§ **Stored data**:
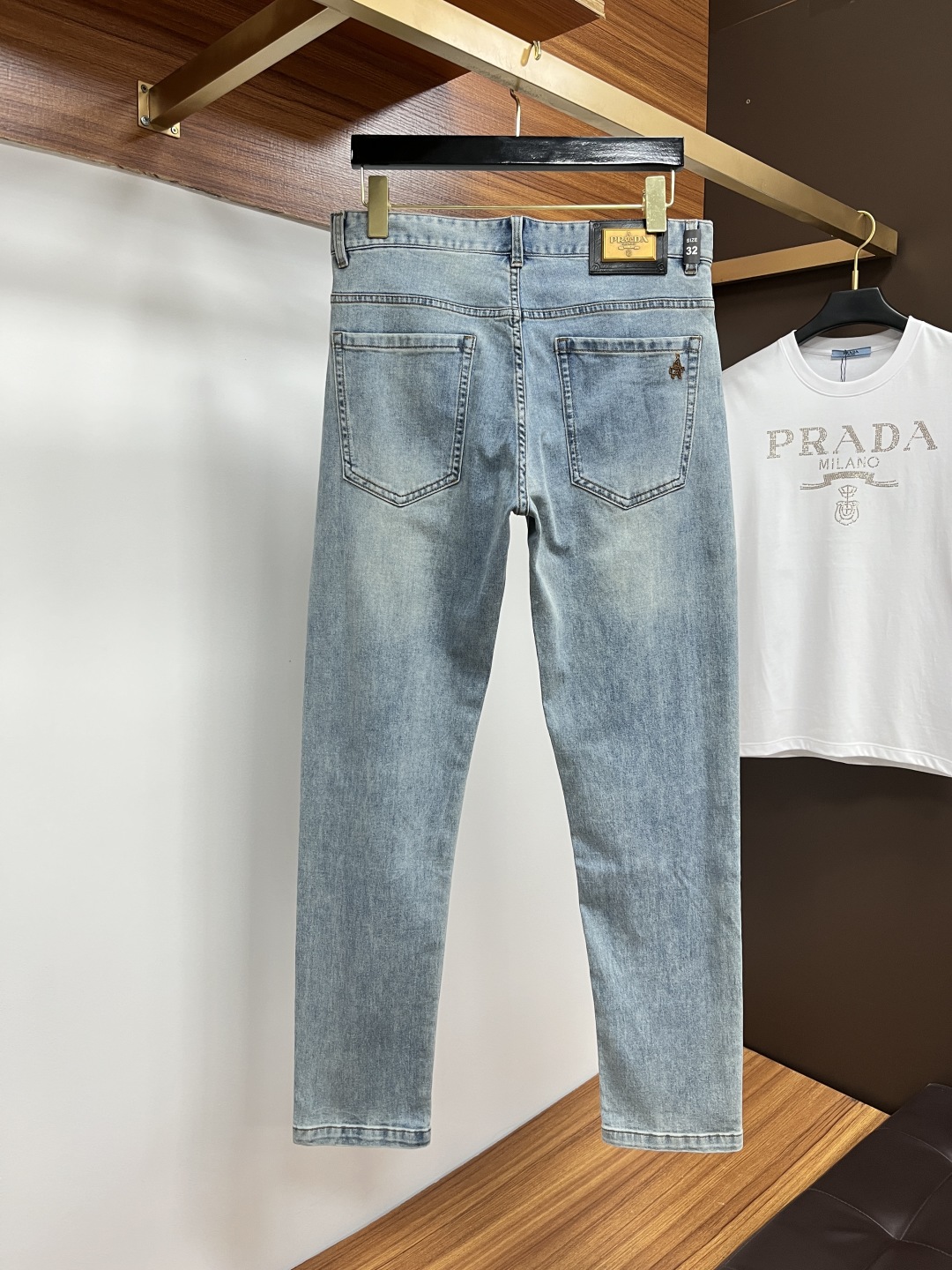jeans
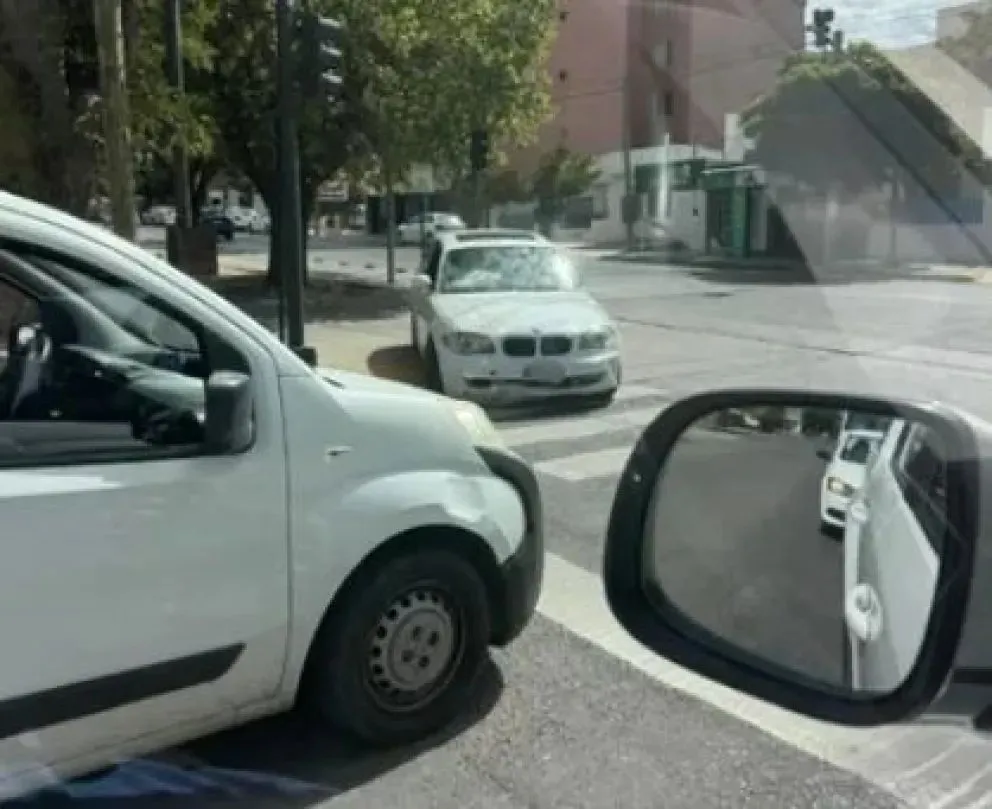 Tras un choque otro hombre se presentó como el conductor: buscan al responsable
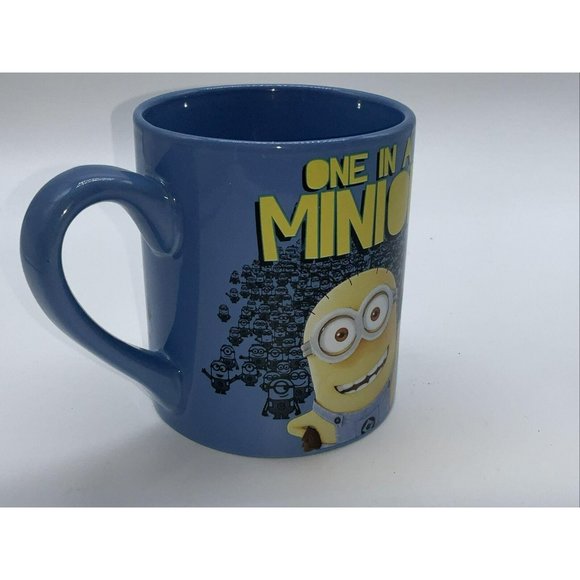 Despicable Me, Universal Studios Minion Mug - Picture 3 of 7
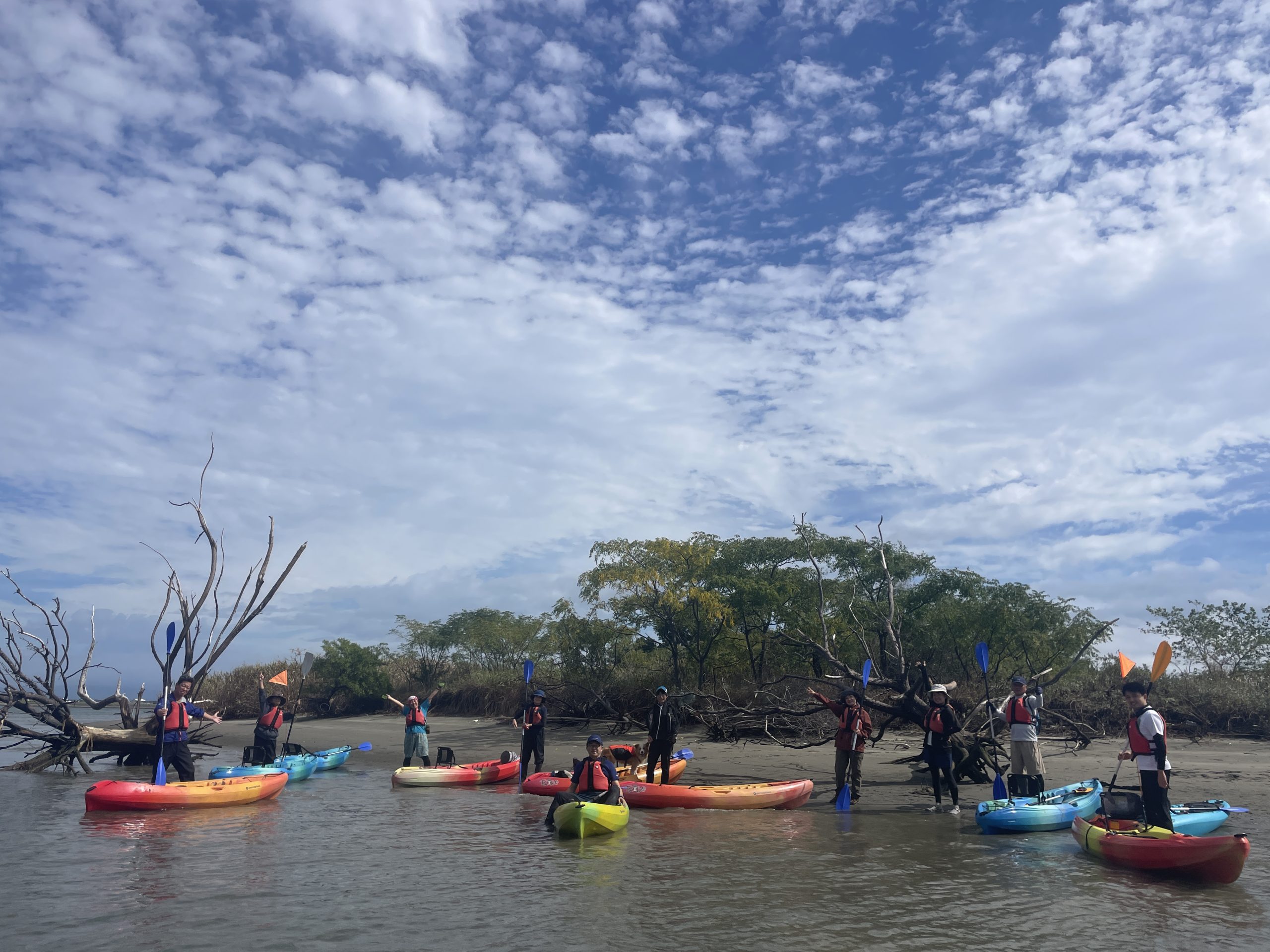 You are currently viewing アウトドアガイドと行く、吉野川流域ツアー　第ニ弾 『川・海・空が出会う、吉野川河口カヌーツアー＠吉野川」　ガイド：塩崎健太（川塾代表）』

§ **Work request**: Give back an exact copy of only the lines from the one with "Despicable Me, Universal" through the final line of the material, both included. Pictures do not belong in it.

§ **Exercise answer**:
 Despicable Me, Universal Studios Minion Mug - Picture 3 of 7
 You are currently viewing アウトドアガイドと行く、吉野川流域ツアー　第ニ弾 『川・海・空が出会う、吉野川河口カヌーツアー＠吉野川」　ガイド：塩崎健太（川塾代表）』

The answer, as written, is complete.